Start of Records supplied

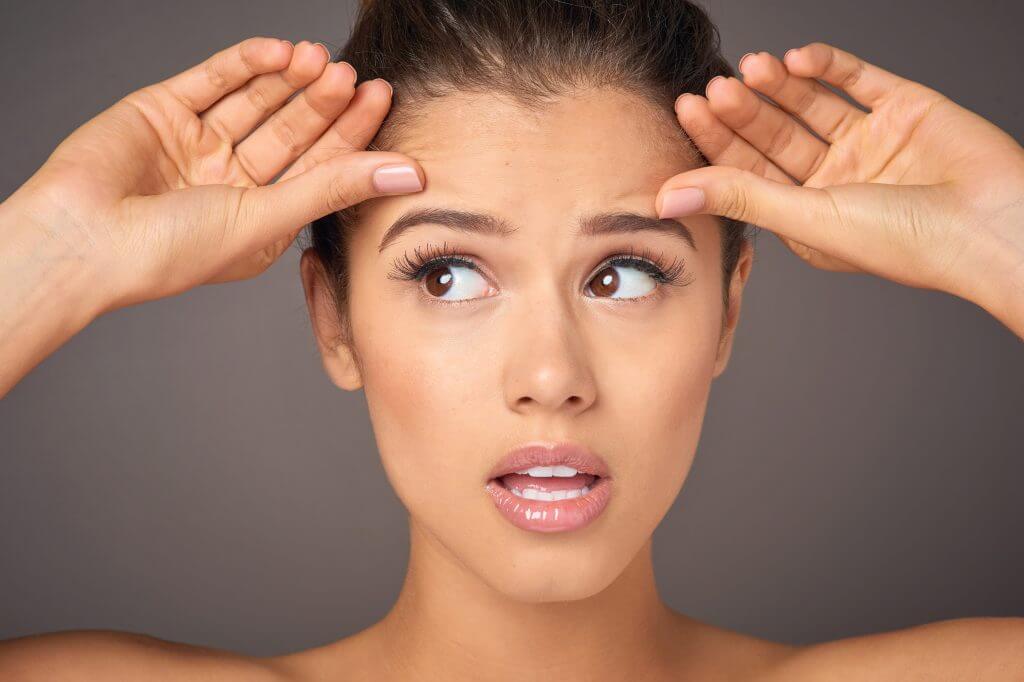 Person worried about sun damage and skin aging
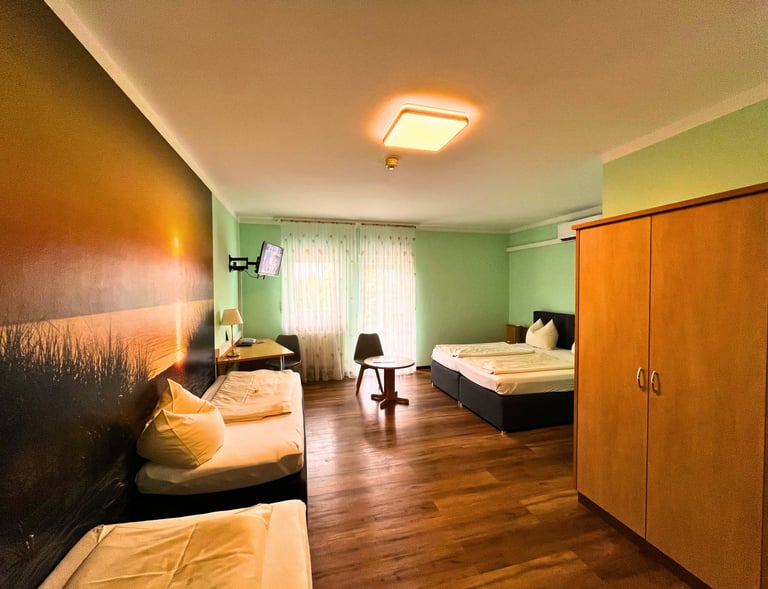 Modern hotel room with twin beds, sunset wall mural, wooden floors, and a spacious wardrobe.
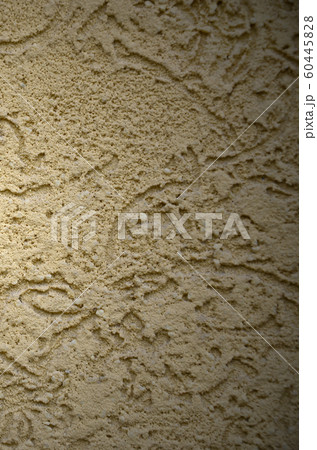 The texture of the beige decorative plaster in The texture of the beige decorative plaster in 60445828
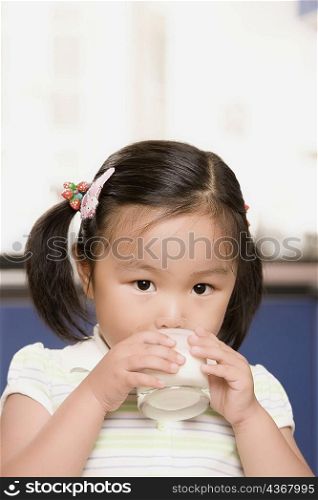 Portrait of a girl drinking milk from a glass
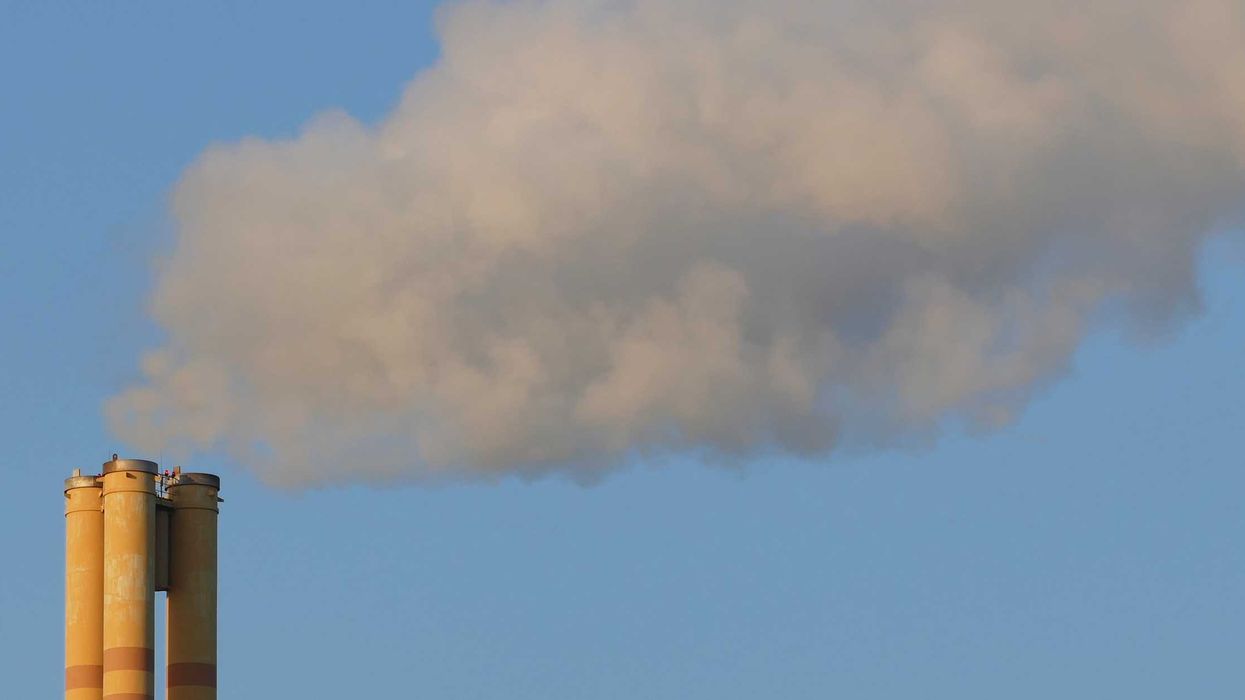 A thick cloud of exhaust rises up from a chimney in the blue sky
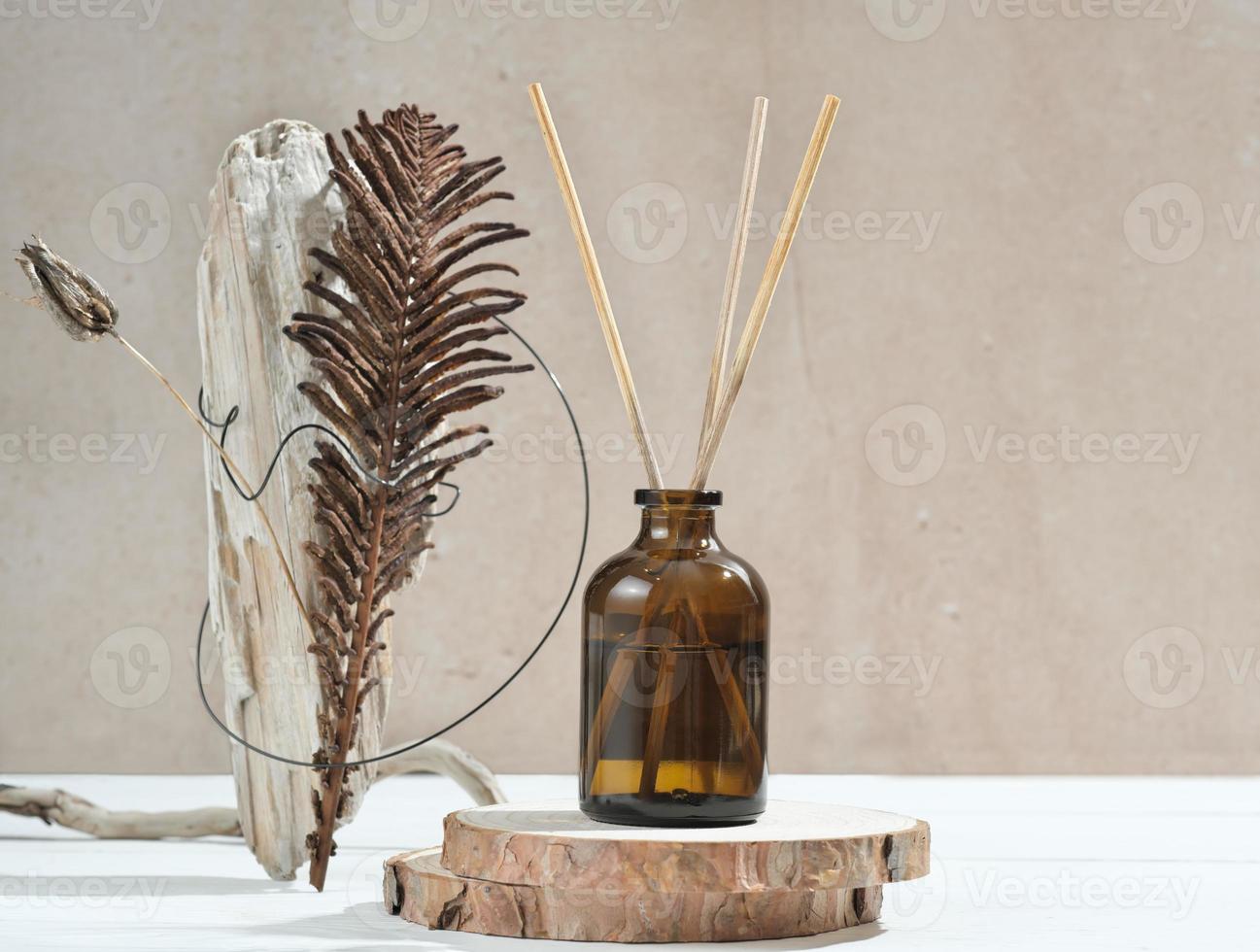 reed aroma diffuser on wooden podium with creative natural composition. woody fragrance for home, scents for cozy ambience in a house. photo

End of Records supplied

• Task item
Reproduce exactly the part of the records above that begins at the line holding "A thick cloud" and ends at the final line, both included, leaving out the pictures.

• Task output
 A thick cloud of exhaust rises up from a chimney in the blue sky
 reed aroma diffuser on wooden podium with creative natural composition. woody fragrance for home, scents for cozy ambience in a house. photo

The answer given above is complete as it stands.